▶ PROVIDED ENTRIES:
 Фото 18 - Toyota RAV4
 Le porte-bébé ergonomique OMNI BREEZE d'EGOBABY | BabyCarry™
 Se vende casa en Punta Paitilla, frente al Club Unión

...

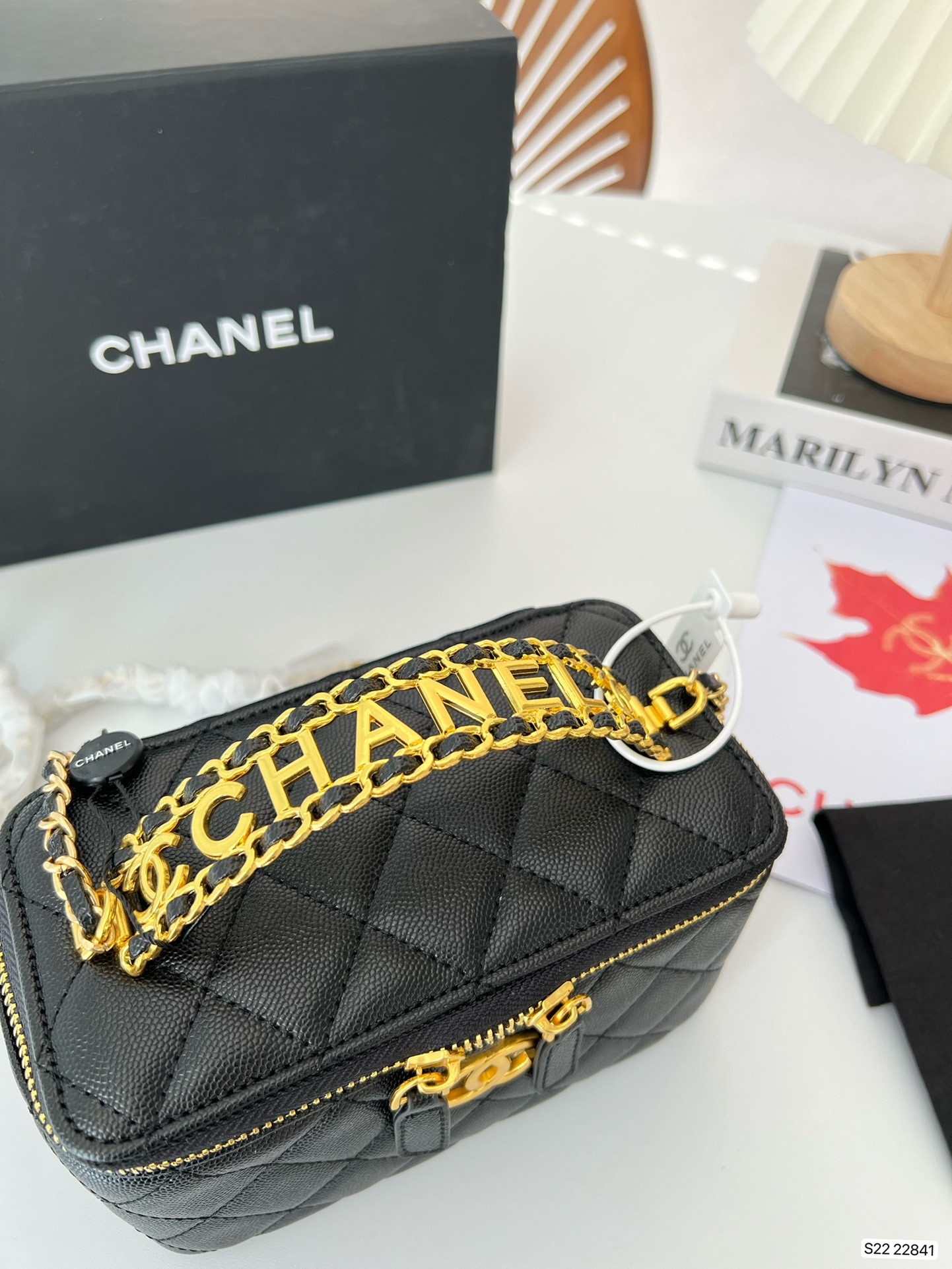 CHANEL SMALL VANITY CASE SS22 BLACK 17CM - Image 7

▶ PROMPT:
Set down again, word for word, the stretch of records from the line with "Le porte-bébé ergonomique" to the line with "Se vende casa", both of those lines included.

▶ OUTPUT FOR THIS EXERCISE:
 Le porte-bébé ergonomique OMNI BREEZE d'EGOBABY | BabyCarry™
 Se vende casa en Punta Paitilla, frente al Club Unión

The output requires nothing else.